But despite growing legislative momentum, existing legal frameworks remain ill-equipped to address threats that are technologically accelerated, anonymized, and trans-jurisdictional. Most enforcement mechanisms were designed for localized, easily attributable harms, and struggle to adapt when perpetrators operate across state lines using advanced AI tools and digital platforms. This mismatch highlights the need not only for updated statutes, but for structural reform in how jurisdictions coordinate, investigate, and remedy tech-enabled harassment.
While several states have made progress with targeted legislative solutions, these reforms often operate in isolation and fail to address the systemic challenges posed by digital threats that transcend traditional enforcement boundaries. Many existing statutes were enacted before the advent of widespread digital communication and do not explicitly address online conduct such as doxxing or swatting.15 In some jurisdictions, outdated harassment or false reporting laws lack clear definitions of digital threats, offer no civil remedies for victims, or fail to impose meaningful penalties tailored to the severity of the harm.16
B. Enforcement Developments
Federal and state authorities have increasingly pursued criminal and civil enforcement actions in response to the rise of doxxing and swatting. These actions reflect growing recognition of the seriousness and evolving complexity of these offenses—especially as they intersect with technological abuse and public safety threats.
At the federal level, one of the most prominent precedents remains the 2019 prosecution of Tyler Barriss, who was sentenced to 20 years in prison after a swatting call resulted in the fatal police shooting of an uninvolved individual.17 More recent cases show how prosecutorial strategies are adapting. In 2023, a Texas man was charged under federal hate crime and cyberstalking statutes for targeting doctors who provided gender-affirming care;18 while in 2025, Alan W. Filion was sentenced to 48 months in prison after orchestrating over 375 AI-assisted swatting calls across the country.19 These cases illustrate how federal enforcement is evolving to respond to both conventional and technologically enhanced threats.

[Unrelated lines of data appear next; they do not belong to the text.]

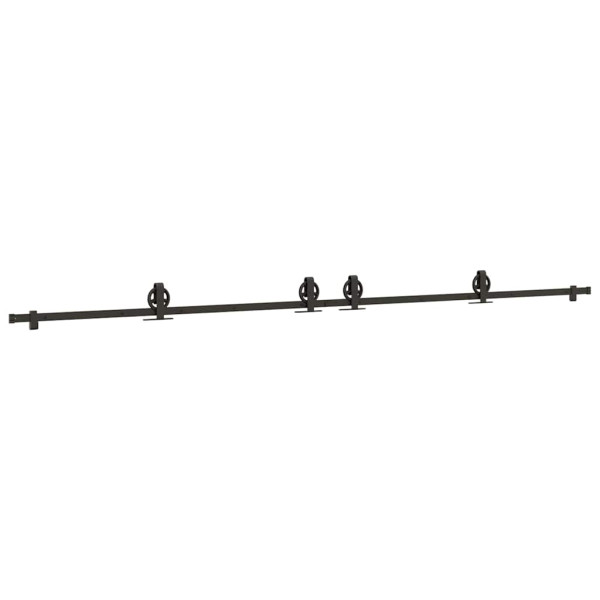 Kit de herrajes para puertas correderas acero negro 183 cm M 2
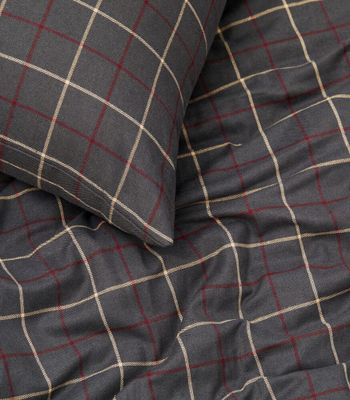 Gunnarby Garnfärgad Rutigt Grå Bäddset Enkeltäcke 150x210 Lord Nelson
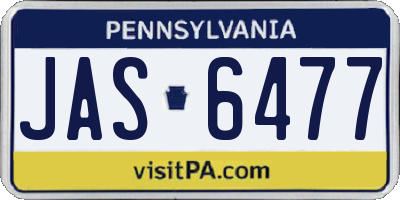 PA license plate JAS6477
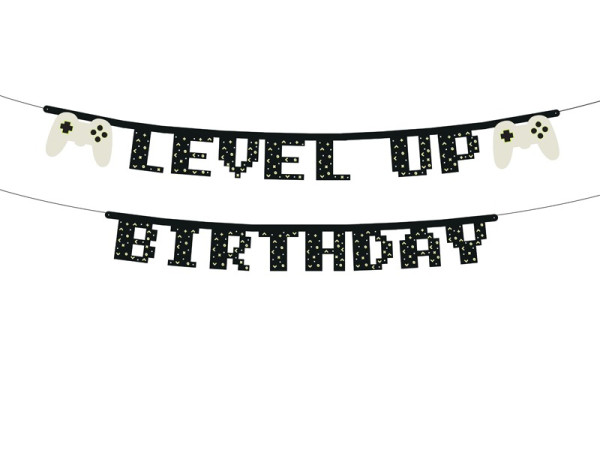PartyDeco - Girlande "Level up Birthday"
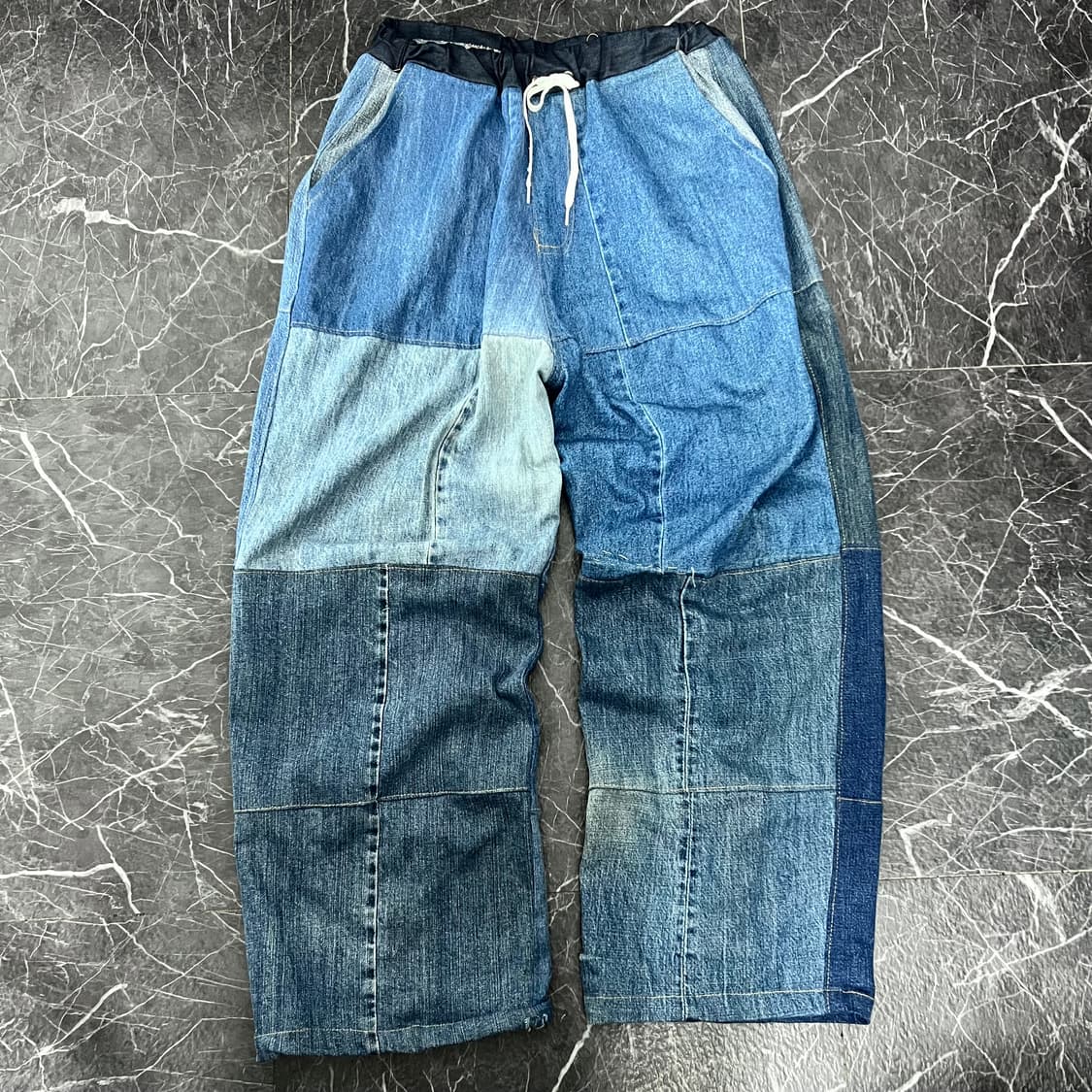 빈티지 커스텀 메이드 배색 데님 와이드 팬츠 상품이미지4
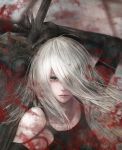  1girl black_gloves blood blood_splatter closed_mouth elbow_gloves expressionless gloves grey_eyes hair_over_one_eye highres holding holding_sword holding_weapon long_hair looking_at_viewer nier_(series) nier_automata silver_hair solo sword upper_body weapon yamamoto_no_ari yorha_no._2_type_b 
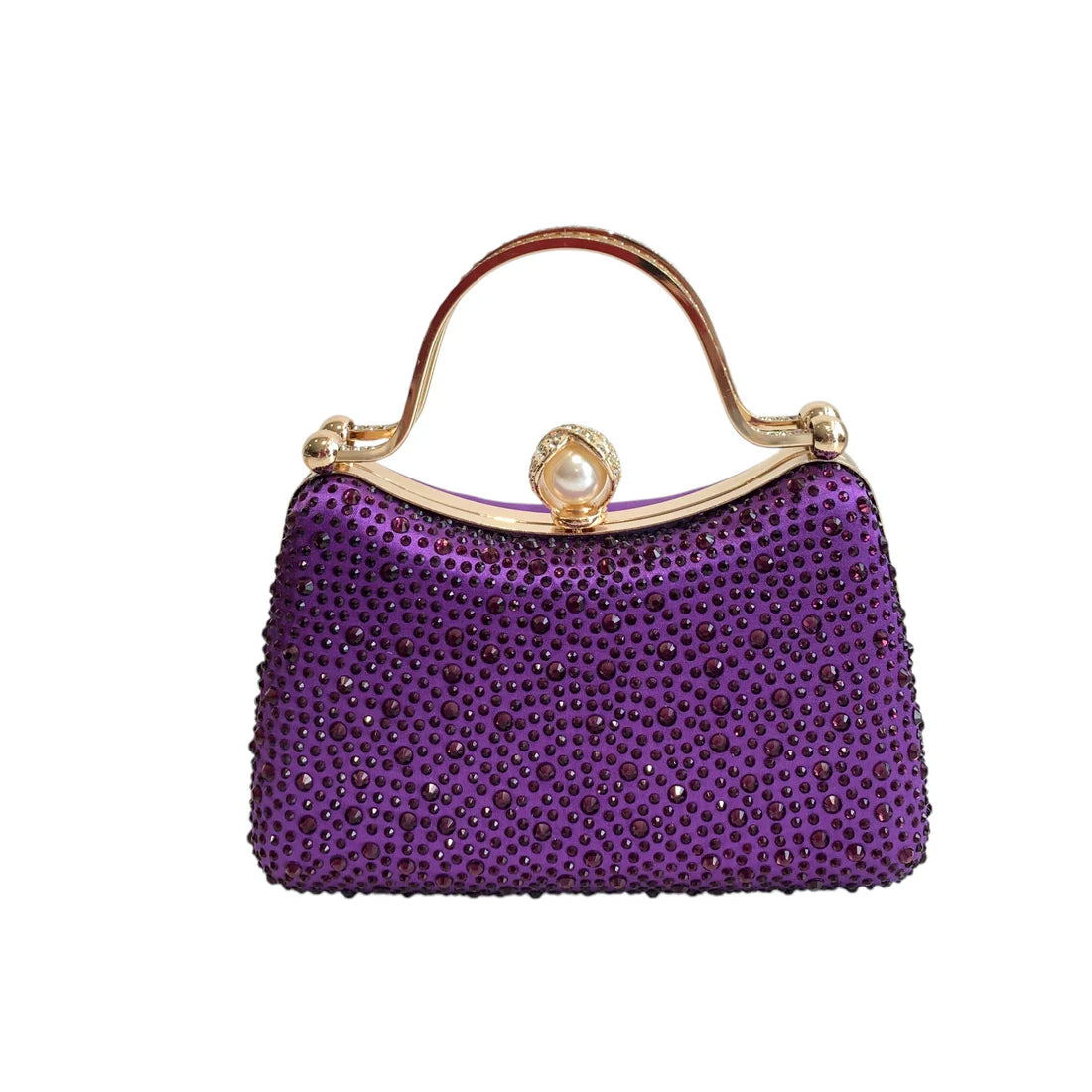 Curved Purple Diamante Dress Bag With Pearl Clasp Closure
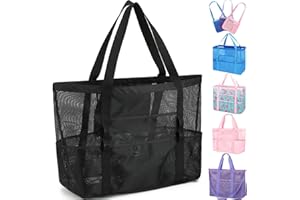 Fammart Mesh Beach Bag, Extra Large Beach Tote with Zipper Pocket Pool Bag for Cruise/Swim/Vacation Essentials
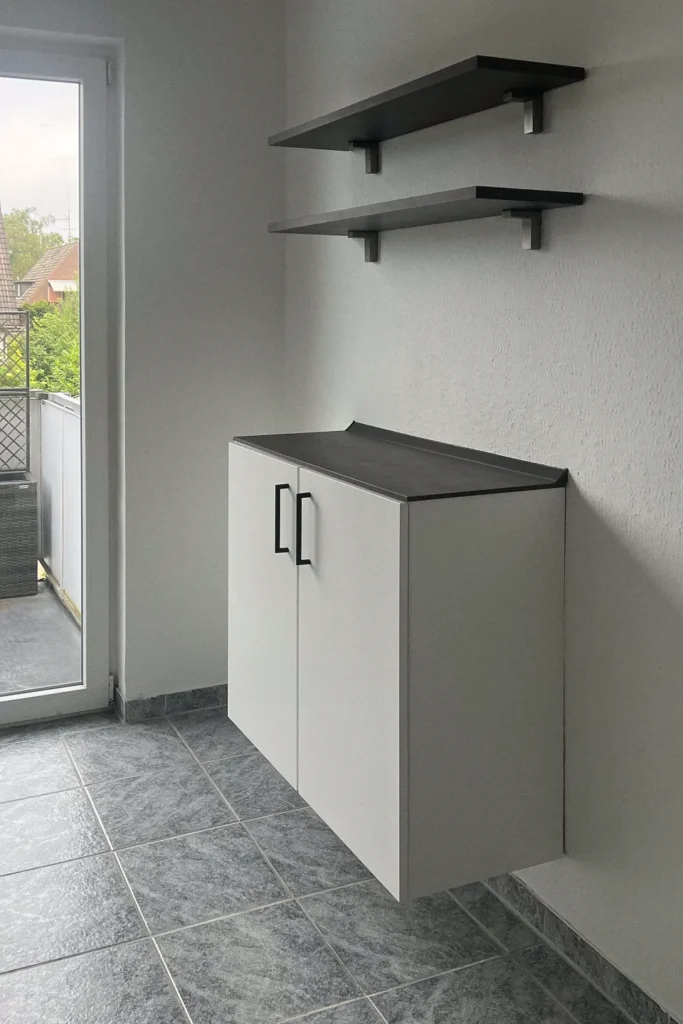 Küchenzeile mit Unterschrank und Wandregalen an der Wand, neben der Balkontür.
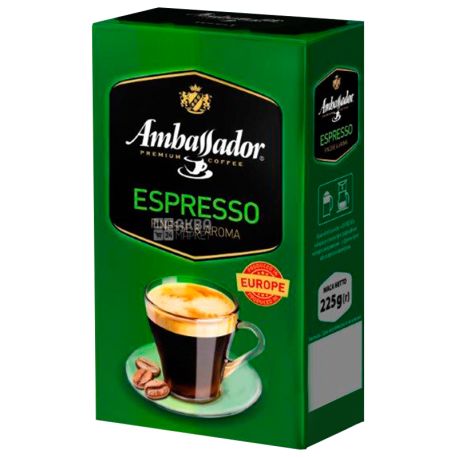 Ambassador Espresso, 225 г, Кофе молотый Амбассадор Эспрессо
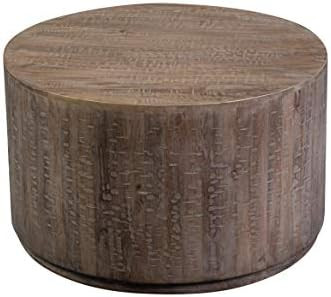 Porter Designs Drum Coffee Table, Round, Gray | Amazon (US)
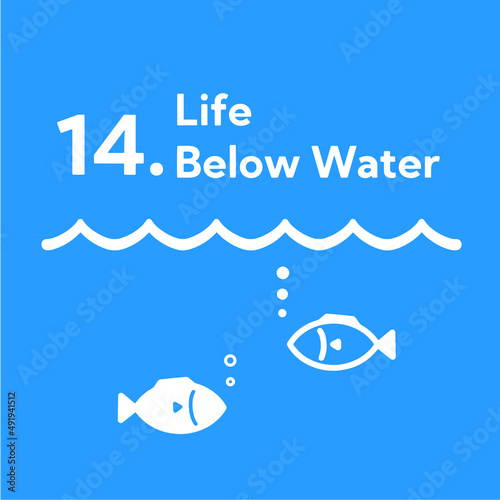 SDGs 14.海の豊かさを守ろうアイコン（英語表記）　SDGs 14.Life Below Water icon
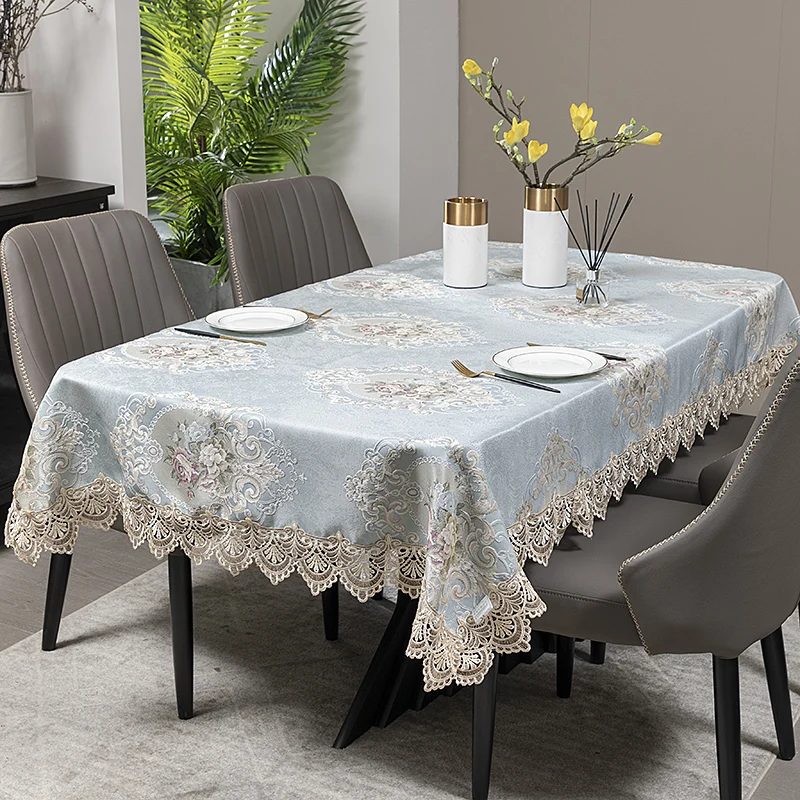 

European high-end coffee table tablecloth rectangular oval square lace fabric coffee table tablecloth dining table cloth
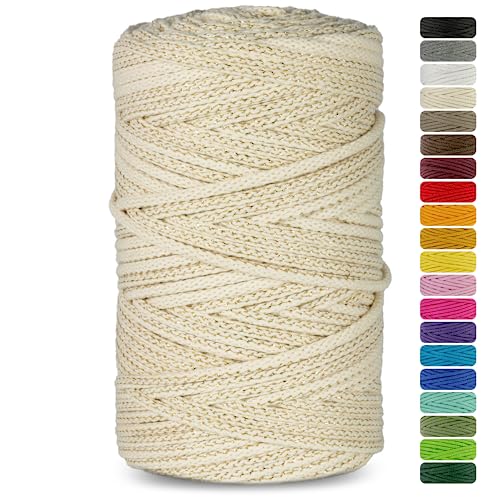 Netuno 1x Makramee Garn Elfenbein mit goldenem Metallfaden 3mm 100m Baumwollkordel Textilgarn Kordelband Naturgarn Naturbaumwolle Garn für Makramee Baumwollgarn Dekoschnur farbig Cotton Cord Macrame von Netuno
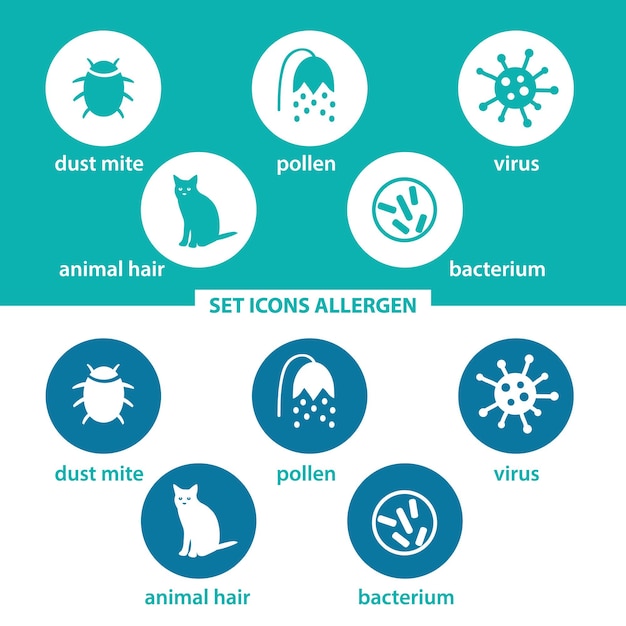 Vecteur définir des allergènes d'icônes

State-level responses also reflect a shift toward using updated legal frameworks. Since September 2023, Texas has treated doxxing—defined as posting someone’s private address or telephone number online with the intent to cause harm—as a criminal offense. While publicly documented convictions under this law are still limited, the statute provides a clear legal basis for prosecutors to pursue such cases.20 In Florida, two minors were charged with felonies after coordinating a swatting incident involving false reports of firearms, demonstrating that even juveniles are being held accountable under enhanced statutes.21 These examples underscore the practical utility of newly enacted laws and the growing readiness of state authorities to pursue aggressive enforcement.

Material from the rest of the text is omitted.